The answer to this may depend on the form of media the villain is associated with, but I’ve decided to give my own thoughts on what makes a truly great villain. I also have to thank Super Eyepatch Wolf on Youtube for giving me inspiration to make this post on my blog. So, for a villain to be something I can truly get behind, it needs a number of things:

Memorable Design

It’s not enough that a villain is intimidating, but he also needs to look intimidating and have a design that makes him appealing (or not so appealing) to look at. A good example of this is the original Green Goblin, who dresses in a truly gaudy green and purple outfit. Even if this original design is somewhat outdated, it’s still memorable enough to let you easily pick him out from a crowd. He’s not some generic pretty-boy with a sword, or some giant monster wielding a hammer. No, he’s this gaudily-dressed imp of destruction, raining pumpkin bombs down onto hapless citizens.

Good Voice-Acting

This next section is highly dependent upon the form of media the villain is depicted in. For things like television, film, and video-games (depending on if the game has voice-acting or not), then how the villain sounds is a great factor in determining the appeal of a character. For example, Mako playing Aku in Samurai Jack is often sited as one of the best portrayals of a villain in cartoons.

Mako knows how to ham it up as Aku, delivering a voice dripping with both comedic value and intimidation. Mako is able to portray Aku, this Japanese demon of death and destruction, as a character that one can enjoy. Greg Baldwin, who is Aku’s new voice actor, also does an amazing job. He isn’t as good as the original, but manages to capture the energy and cheesiness of Mako’s portrayal very well.

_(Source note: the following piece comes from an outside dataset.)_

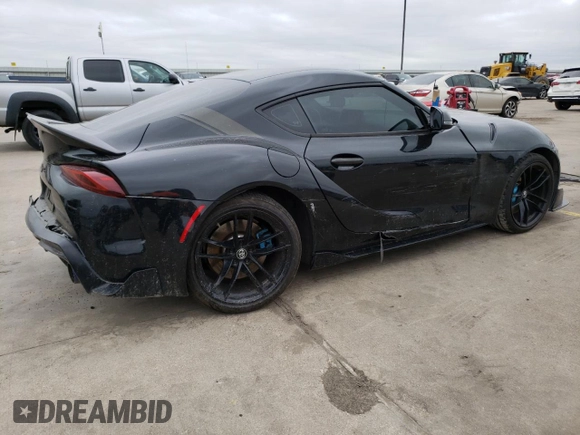2021 Toyota Supra 3.0 z VIN WZ1DB0C05MW036486, wystawiony jako Copart lot #47673113 z przebiegiem 22 217 mil mil oraz . Historia ofert i sprzedaży dostępna na DreamBid. Obrazek 3.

It’s not always necessary to cast someone well-known or famous to play a villain. As long as the person playing said villain can inside the head of the character and portray him the way the creator intends, while still keeping the role their own. A voice is everything in a villain. A bad voice actor can truly destroy what makes a great villain great.

Being An Actual Threat

Having a villain who looks and sounds great is one thing, but you need a villain who can actually get the job done. A villain who can’t achieve their goals, or pose much of a threat to our heroes becomes a joke after a while. A good (or rather, bad) example of this is Corypheus from Dragon Age: Inquisition. Corypheus is foiled easily at every turn by your chosen protagonist.

Corypheus very rarely does much to be a thorn in your side, and a lot of his attempts to stop you reach Dick Dastardly levels of pathetic. A good example of a villain who manages to threaten our heroes at every turn is Etemon, from the cult classic anime Digimon. Despite Etemon seeming like an incompetent goofball, he was able to trounce the Digi-Destined most of the time. Not only that, but he also devised a “Dark Network”, that he can use to attack his enemies from afar.

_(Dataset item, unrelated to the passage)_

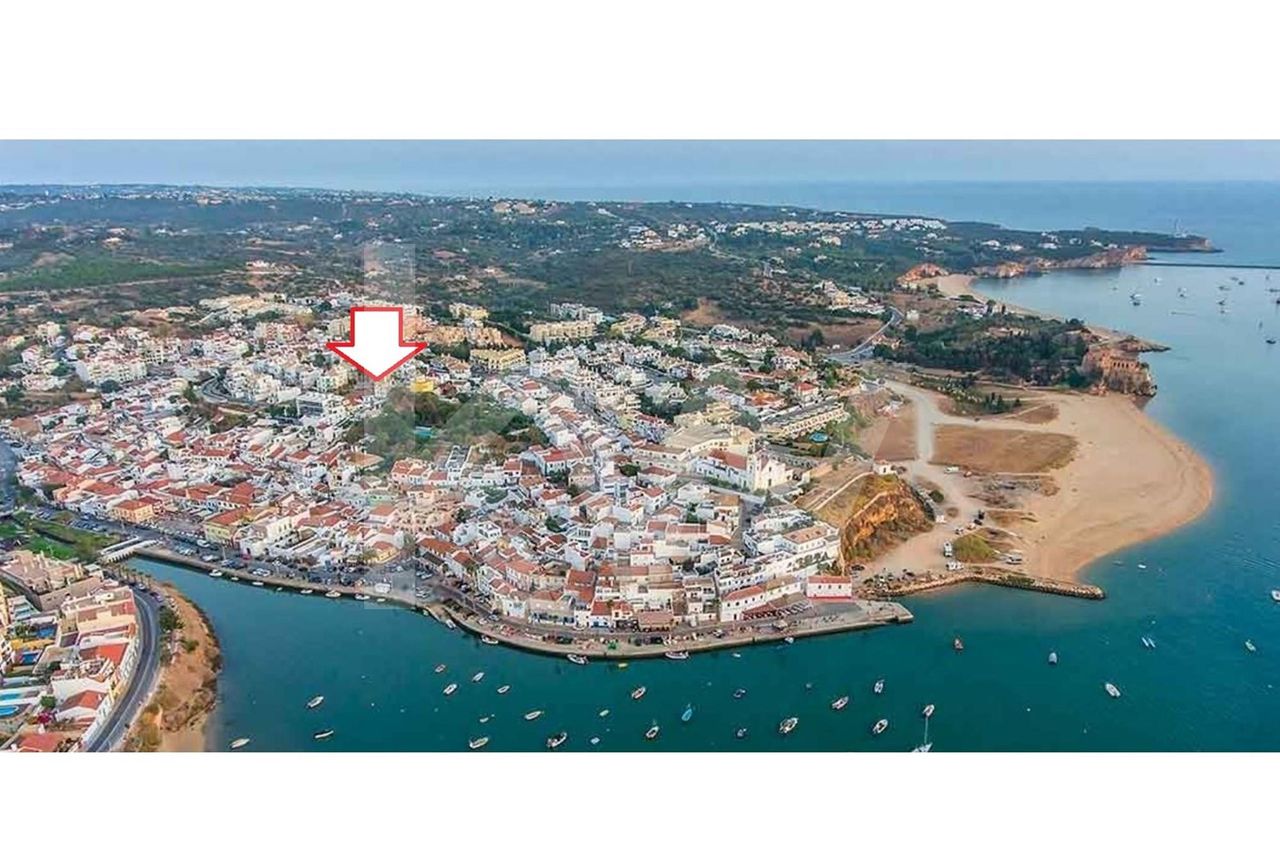 Imóvel Habitacional Ferragudo - Residir ou AL - Vista Rio e Marina de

Etemon’s seemingly silly design and behaviors masked his truly power and potential. This mischievous monkey of magnified malice ended up being a true threat to our heroes. A villain who isn’t able to be a challenge to our protagonists in any way ends up feeling lame and hollow. A villain can’t just talk the talk, he/she needs to also be able to walk the walk.

The Villain Needs To Be More Than A Villain

Super Eyepatch Wolf discussed this as well, but it bares repeating. A villain who feels more like a person, is better than one who doesn’t. A villain needs to have weaknesses as well as strengths, needs to have dreams beyond his current goal, and needs to feel like a real part of the world. Most Marvel villains end up just kind of showing up, usually with little development.

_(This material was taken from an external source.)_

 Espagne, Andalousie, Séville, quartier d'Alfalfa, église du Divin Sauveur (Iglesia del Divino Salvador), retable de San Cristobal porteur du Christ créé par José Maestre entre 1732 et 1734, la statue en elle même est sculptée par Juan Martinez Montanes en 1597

Again, a villain needs to be a part of the world. Not just antagonist no. 125 who happens to co-exist in the universe, but hasn’t been mentioned or established until now. Now I know most villains are not like that, but sometimes establishing an antagonist beforehand can really work wonders for your property.

In Conclusion

A villain doesn’t need to have all of these properties to be a great villain, but it certainly helps. Having a strong voice, memorable design, good backstory and development, fantastic characterization, and a threatening persona can actually make for both a great character and an amazing villain. Examples are out there, there’s a ton in fact. Coming with a great and memorable villain isn’t easy, but having one can make or break a series. At least, that’s my opinion on the whole thing.